◆ ACTIVITY ◆
Begin the copy at the line containing "SOREL ONA AVE" in the data below and end it at the line containing "Hyundai Grandeur 2012, 135,000", keeping each line exact and leaving out pictures.

◆ DATA SHOWN ◆
□ □ □ □ □ □ □

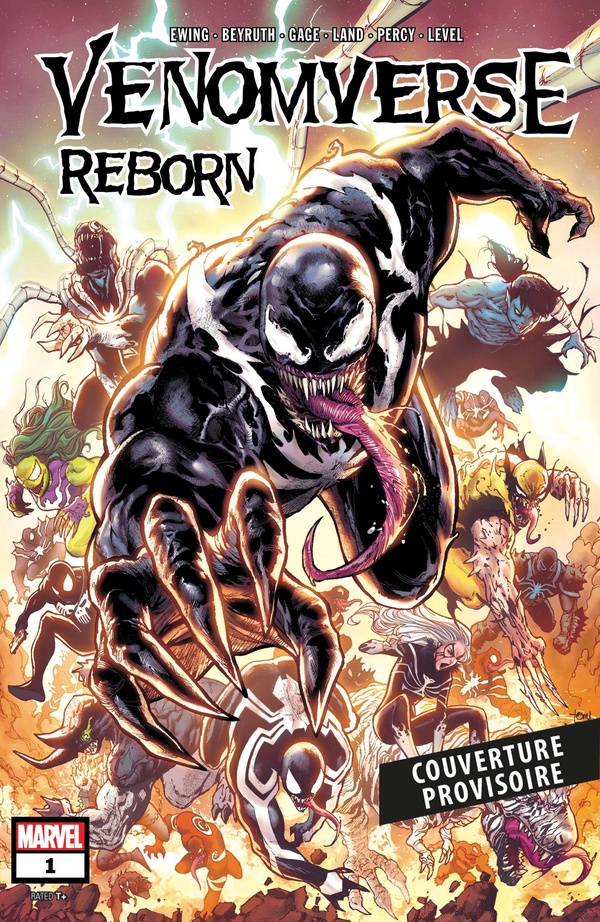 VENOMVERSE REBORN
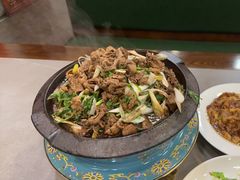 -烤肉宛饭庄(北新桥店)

□ □ □ □ □ □ □

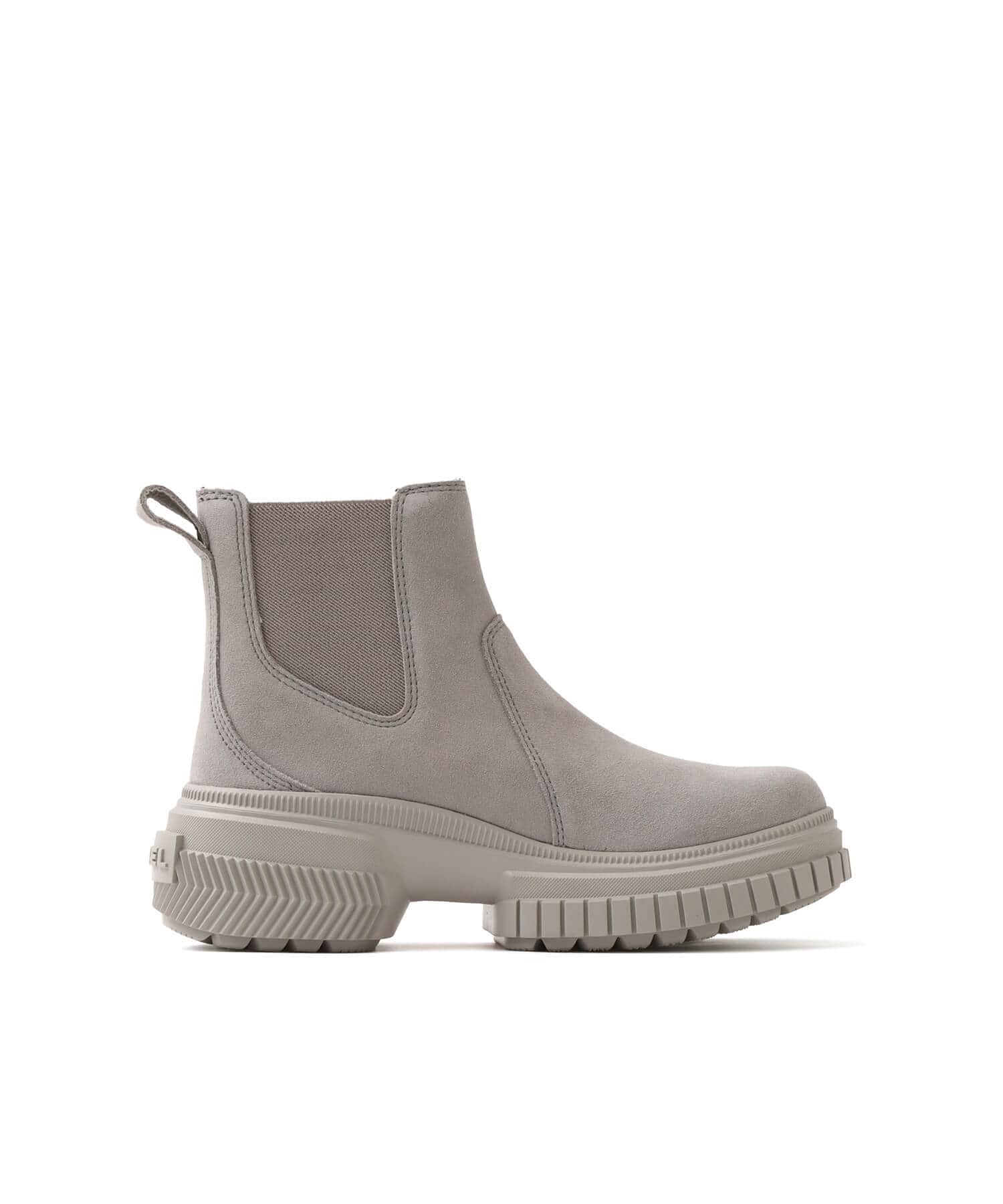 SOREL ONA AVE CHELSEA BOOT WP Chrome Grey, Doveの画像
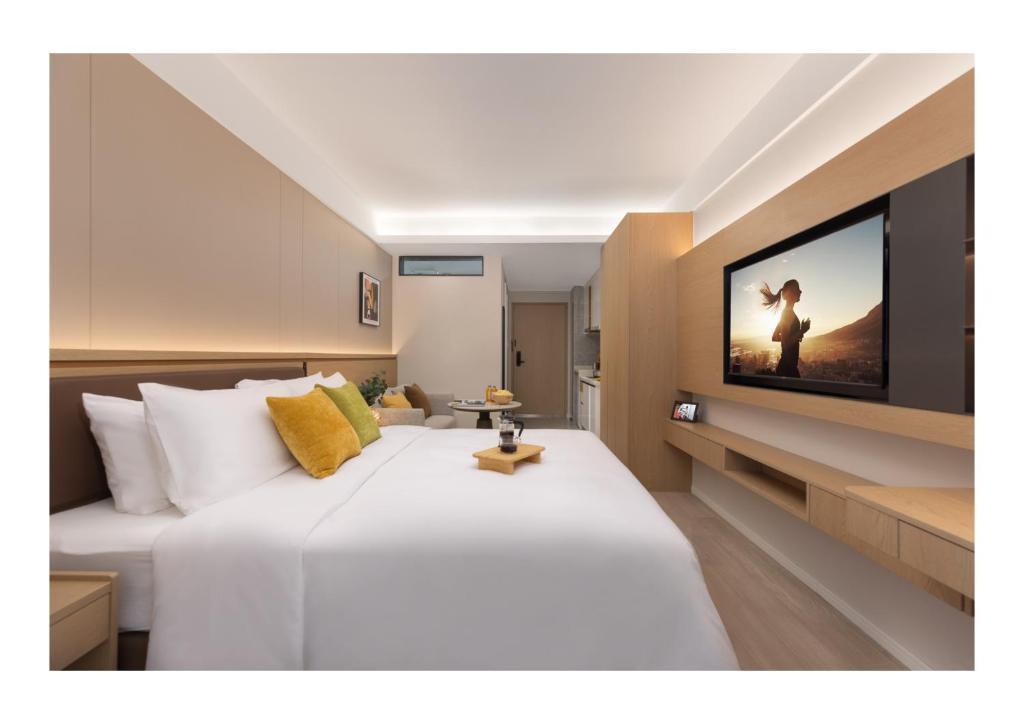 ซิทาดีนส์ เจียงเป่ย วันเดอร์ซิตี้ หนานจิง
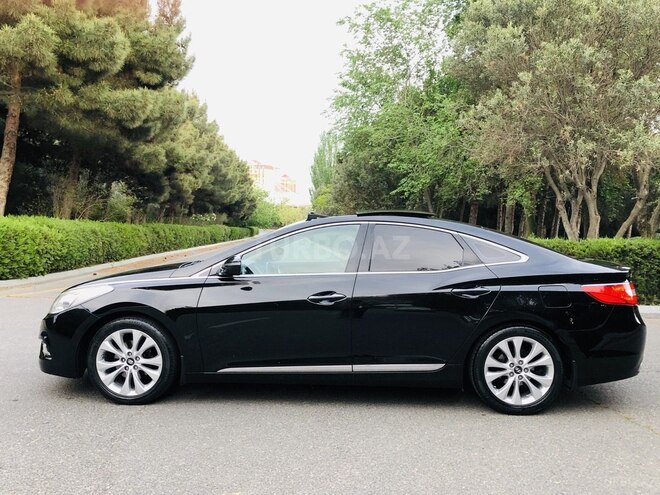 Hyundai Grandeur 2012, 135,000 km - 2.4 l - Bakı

□ □ □ □ □ □ □

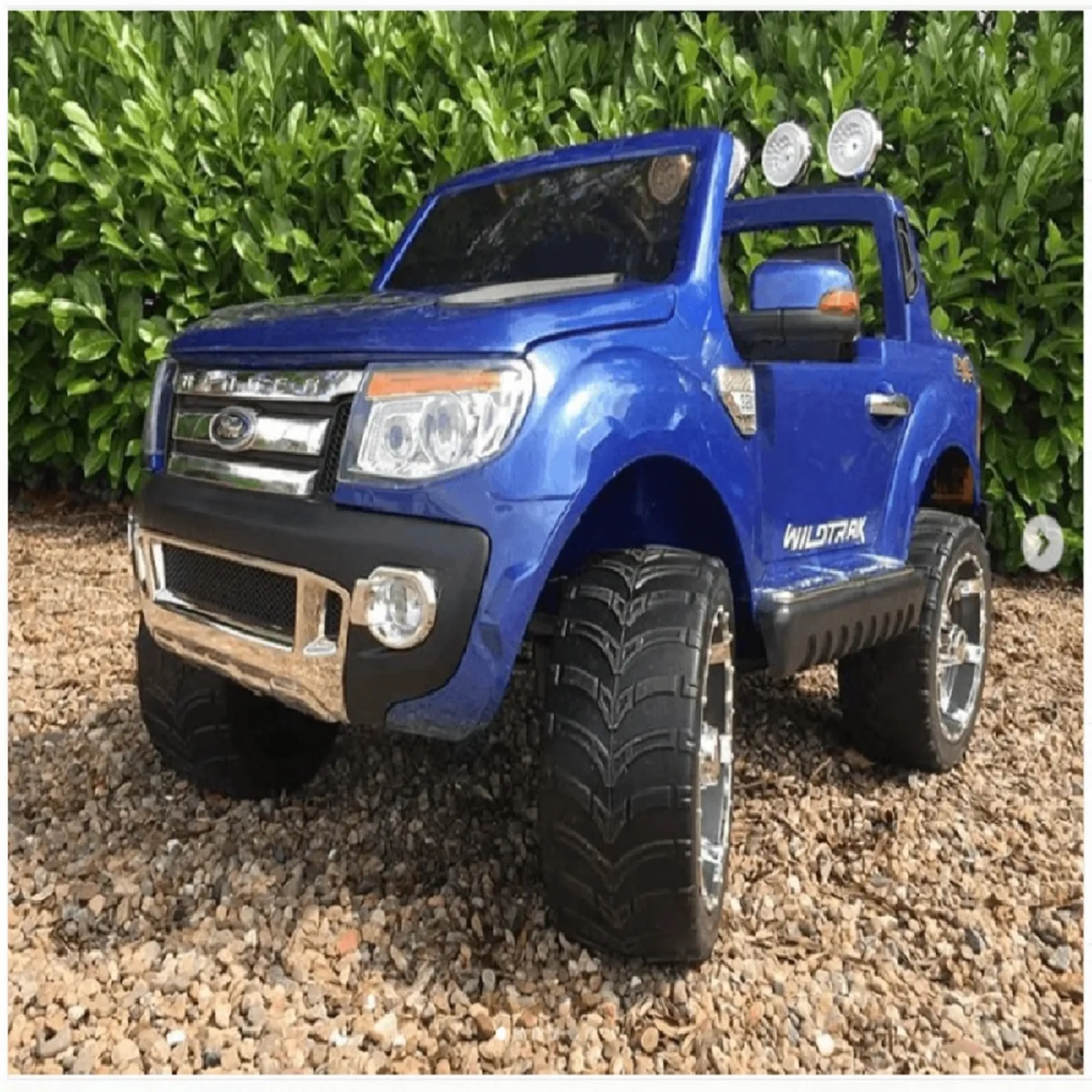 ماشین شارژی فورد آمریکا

□ □ □ □ □ □ □

◆ EXERCISE ANSWER ◆
 SOREL ONA AVE CHELSEA BOOT WP Chrome Grey, Doveの画像
 ซิทาดีนส์ เจียงเป่ย วันเดอร์ซิตี้ หนานจิง
 Hyundai Grandeur 2012, 135,000 km - 2.4 l - Bakı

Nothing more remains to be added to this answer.